▶ _Required work_
With both ends included, repeat exactly the lines of the entries below from the one containing "Flat lay of" down to the one containing "bedroom featuring baseboards, vaulted", and no others.

[Record excerpts — start]

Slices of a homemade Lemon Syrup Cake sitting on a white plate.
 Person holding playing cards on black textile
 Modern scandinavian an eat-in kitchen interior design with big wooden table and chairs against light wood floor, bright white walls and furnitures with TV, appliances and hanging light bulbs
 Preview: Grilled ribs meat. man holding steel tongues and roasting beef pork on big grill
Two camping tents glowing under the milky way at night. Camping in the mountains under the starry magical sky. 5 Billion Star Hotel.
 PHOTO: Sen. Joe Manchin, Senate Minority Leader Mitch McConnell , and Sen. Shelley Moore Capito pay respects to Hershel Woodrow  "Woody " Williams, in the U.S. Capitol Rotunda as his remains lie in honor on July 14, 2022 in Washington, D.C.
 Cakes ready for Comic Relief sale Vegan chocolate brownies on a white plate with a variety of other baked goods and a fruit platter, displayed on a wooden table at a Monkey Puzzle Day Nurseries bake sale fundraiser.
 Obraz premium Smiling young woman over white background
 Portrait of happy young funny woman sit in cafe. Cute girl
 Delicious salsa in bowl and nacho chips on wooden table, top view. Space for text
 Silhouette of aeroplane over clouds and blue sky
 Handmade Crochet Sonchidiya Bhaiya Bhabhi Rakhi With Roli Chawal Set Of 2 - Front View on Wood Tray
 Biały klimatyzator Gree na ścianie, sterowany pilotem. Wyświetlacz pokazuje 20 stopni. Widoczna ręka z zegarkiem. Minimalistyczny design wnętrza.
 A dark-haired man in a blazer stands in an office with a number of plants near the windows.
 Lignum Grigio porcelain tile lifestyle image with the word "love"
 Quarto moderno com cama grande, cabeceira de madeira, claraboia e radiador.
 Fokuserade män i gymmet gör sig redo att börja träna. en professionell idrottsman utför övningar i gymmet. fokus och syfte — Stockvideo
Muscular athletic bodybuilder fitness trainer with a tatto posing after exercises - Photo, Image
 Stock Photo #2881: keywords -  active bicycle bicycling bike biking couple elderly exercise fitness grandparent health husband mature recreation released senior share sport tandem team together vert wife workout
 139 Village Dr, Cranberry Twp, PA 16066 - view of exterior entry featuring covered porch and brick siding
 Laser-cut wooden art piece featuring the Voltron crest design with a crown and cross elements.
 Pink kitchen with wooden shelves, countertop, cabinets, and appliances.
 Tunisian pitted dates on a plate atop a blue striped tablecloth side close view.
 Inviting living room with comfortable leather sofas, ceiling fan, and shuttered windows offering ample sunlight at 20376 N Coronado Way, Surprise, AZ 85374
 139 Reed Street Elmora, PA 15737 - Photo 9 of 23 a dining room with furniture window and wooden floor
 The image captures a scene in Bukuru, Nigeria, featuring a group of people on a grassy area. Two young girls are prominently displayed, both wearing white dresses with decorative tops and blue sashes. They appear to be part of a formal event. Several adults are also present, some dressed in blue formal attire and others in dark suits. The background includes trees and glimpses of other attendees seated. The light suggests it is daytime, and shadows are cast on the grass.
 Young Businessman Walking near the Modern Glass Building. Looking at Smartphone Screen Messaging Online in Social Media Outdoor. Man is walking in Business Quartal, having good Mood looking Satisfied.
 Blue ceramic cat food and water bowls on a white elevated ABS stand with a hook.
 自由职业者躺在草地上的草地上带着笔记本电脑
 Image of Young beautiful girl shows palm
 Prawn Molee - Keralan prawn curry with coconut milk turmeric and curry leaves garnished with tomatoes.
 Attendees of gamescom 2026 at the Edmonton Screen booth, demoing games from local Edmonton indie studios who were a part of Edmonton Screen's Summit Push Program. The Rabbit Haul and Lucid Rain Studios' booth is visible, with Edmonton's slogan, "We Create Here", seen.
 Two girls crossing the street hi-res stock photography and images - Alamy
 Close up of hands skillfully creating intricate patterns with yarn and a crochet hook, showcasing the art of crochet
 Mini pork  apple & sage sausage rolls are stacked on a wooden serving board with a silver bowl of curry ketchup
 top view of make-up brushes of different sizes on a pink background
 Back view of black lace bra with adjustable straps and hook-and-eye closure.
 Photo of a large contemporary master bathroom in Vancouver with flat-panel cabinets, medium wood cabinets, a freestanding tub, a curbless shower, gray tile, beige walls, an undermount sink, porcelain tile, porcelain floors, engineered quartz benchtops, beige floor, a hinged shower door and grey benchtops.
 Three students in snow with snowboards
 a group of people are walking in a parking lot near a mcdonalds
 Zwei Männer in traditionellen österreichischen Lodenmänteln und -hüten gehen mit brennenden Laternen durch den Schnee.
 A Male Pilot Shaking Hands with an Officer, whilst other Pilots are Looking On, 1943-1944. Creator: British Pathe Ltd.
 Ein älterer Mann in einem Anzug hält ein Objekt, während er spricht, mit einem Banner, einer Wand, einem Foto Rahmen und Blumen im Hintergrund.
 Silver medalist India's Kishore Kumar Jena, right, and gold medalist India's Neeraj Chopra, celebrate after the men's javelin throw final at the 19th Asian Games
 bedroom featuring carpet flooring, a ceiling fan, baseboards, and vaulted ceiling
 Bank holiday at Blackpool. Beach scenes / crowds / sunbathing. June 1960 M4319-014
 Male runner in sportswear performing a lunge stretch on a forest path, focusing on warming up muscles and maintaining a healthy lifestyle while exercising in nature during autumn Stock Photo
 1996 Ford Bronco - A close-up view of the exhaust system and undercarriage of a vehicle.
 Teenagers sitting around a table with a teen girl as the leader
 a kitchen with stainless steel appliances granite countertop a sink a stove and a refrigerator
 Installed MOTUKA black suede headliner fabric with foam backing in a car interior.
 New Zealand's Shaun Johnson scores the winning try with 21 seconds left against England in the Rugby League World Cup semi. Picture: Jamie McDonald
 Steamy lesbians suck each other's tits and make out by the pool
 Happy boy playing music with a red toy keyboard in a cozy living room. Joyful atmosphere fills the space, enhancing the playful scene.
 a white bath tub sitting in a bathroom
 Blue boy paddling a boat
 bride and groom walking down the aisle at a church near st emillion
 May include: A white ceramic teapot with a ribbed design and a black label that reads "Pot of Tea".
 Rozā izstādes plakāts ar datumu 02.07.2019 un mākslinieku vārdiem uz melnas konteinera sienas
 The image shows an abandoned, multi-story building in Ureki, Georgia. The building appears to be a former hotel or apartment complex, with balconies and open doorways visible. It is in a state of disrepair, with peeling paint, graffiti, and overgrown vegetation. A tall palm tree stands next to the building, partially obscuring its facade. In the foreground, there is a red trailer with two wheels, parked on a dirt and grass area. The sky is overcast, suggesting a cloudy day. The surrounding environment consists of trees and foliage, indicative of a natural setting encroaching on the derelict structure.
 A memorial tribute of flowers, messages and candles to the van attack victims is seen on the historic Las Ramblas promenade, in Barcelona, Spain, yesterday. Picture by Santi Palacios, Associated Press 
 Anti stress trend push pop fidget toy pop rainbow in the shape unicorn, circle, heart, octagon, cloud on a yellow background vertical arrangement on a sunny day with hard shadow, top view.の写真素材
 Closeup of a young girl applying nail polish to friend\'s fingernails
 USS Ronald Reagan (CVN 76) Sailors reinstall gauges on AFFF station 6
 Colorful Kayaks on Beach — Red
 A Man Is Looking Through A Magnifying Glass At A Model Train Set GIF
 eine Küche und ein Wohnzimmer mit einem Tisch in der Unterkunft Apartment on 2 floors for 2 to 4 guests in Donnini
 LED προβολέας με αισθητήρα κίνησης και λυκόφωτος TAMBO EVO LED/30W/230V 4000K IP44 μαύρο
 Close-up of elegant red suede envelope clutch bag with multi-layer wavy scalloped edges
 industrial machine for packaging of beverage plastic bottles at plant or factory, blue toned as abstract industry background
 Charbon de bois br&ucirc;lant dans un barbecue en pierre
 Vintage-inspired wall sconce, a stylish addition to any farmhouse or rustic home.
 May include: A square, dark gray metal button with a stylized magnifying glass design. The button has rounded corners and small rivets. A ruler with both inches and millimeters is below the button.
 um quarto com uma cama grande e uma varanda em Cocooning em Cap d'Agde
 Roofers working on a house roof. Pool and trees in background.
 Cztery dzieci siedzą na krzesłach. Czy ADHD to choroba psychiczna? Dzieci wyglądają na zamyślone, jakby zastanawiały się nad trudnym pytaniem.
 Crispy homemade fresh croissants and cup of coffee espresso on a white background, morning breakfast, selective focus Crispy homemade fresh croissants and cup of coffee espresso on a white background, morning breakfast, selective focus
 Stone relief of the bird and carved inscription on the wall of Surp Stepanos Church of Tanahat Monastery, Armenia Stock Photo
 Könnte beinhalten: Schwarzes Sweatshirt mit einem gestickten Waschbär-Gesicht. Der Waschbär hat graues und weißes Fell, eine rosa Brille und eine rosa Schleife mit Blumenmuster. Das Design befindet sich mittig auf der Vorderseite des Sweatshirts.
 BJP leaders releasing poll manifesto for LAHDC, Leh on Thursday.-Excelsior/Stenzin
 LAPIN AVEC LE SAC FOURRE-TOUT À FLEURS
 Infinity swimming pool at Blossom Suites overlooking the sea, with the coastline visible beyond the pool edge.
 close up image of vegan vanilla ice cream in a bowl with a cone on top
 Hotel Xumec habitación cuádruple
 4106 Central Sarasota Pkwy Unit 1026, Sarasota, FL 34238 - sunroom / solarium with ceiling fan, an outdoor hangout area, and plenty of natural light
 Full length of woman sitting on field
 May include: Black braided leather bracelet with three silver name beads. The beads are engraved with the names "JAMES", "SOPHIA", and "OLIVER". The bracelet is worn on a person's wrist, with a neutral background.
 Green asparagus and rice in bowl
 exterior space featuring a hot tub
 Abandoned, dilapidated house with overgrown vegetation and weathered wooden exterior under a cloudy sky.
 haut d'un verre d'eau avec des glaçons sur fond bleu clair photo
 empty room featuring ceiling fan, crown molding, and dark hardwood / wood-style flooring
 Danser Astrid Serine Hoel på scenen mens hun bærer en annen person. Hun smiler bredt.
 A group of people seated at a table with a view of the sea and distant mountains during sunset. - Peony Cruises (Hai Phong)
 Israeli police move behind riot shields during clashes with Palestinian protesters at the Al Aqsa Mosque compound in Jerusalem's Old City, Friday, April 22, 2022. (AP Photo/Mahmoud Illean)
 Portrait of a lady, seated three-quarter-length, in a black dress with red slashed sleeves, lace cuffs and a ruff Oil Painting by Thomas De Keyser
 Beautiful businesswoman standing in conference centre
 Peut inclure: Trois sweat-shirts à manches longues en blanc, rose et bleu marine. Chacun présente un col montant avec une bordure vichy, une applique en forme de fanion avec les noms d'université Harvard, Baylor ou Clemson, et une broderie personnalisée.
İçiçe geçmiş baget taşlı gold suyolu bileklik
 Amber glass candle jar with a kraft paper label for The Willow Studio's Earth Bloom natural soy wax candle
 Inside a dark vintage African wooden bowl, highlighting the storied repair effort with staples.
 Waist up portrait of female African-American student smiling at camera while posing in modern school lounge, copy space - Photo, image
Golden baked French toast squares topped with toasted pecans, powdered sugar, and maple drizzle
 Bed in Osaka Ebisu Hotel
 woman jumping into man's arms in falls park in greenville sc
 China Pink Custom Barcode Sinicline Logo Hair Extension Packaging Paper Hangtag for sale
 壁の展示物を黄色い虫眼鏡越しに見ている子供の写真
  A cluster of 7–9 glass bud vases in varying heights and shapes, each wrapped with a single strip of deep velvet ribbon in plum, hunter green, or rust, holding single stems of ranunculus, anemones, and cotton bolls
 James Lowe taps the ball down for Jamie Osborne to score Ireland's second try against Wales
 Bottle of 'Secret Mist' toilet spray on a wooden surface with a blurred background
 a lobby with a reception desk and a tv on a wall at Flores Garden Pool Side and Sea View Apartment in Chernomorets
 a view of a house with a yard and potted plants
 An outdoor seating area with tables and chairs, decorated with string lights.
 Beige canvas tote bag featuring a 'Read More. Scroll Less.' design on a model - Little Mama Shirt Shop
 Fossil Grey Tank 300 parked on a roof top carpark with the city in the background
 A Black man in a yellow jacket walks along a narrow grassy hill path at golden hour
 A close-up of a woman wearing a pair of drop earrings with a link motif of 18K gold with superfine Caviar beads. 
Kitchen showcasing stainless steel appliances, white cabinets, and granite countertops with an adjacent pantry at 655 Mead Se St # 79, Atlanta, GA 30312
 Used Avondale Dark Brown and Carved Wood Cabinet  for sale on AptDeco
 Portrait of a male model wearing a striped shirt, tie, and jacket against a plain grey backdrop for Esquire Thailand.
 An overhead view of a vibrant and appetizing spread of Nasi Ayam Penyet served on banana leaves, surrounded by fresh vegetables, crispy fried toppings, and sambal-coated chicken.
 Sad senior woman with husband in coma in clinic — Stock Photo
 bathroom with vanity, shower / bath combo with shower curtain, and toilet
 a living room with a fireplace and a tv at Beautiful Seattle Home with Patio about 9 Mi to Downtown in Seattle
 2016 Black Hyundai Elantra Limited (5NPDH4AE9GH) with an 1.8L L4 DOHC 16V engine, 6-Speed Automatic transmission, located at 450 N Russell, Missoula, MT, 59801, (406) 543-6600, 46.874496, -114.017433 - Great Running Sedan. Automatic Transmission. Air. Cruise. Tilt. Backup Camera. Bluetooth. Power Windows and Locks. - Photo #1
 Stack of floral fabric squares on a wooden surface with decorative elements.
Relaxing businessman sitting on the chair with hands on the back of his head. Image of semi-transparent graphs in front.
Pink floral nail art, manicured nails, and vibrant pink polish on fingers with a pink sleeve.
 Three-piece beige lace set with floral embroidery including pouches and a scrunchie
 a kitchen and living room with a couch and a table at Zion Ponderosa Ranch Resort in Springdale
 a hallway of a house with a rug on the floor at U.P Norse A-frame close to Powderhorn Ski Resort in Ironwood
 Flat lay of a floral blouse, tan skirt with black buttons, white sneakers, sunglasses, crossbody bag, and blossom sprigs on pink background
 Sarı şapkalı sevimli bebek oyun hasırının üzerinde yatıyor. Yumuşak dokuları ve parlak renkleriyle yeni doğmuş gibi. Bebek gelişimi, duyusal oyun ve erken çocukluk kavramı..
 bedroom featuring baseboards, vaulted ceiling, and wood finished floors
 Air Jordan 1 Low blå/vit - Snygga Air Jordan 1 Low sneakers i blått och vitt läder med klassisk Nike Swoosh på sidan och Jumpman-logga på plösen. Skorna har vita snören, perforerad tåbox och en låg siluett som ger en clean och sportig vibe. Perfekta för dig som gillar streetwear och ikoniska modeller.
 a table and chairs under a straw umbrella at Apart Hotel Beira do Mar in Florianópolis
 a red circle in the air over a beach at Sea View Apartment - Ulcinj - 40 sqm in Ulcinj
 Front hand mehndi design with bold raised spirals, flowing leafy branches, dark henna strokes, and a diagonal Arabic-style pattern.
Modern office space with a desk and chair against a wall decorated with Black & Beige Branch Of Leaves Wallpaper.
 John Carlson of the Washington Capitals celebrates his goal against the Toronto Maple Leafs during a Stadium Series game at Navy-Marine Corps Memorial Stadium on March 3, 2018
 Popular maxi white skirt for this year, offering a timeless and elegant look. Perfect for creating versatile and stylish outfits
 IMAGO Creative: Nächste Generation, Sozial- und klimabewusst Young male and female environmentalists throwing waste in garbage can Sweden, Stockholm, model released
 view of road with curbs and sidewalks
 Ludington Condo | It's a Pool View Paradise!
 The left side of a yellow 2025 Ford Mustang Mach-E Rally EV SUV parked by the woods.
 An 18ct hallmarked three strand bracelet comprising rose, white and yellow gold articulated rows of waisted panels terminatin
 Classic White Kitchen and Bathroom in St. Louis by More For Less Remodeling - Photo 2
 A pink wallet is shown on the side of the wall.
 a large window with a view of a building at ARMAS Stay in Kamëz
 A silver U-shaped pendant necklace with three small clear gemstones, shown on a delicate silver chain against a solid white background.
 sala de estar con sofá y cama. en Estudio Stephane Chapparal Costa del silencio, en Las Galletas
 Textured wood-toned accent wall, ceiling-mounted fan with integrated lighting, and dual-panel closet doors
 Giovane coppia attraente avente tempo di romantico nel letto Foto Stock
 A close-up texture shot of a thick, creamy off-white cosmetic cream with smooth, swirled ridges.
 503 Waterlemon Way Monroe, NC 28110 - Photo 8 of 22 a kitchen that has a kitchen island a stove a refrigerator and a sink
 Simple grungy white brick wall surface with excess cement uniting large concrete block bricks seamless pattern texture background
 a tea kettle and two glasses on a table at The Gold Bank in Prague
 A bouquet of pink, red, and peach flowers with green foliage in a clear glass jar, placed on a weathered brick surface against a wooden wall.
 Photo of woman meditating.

[Record excerpts — finish]

▶ _Solution for this task_
 Flat lay of a floral blouse, tan skirt with black buttons, white sneakers, sunglasses, crossbody bag, and blossom sprigs on pink background
 Sarı şapkalı sevimli bebek oyun hasırının üzerinde yatıyor. Yumuşak dokuları ve parlak renkleriyle yeni doğmuş gibi. Bebek gelişimi, duyusal oyun ve erken çocukluk kavramı..
 bedroom featuring baseboards, vaulted ceiling, and wood finished floors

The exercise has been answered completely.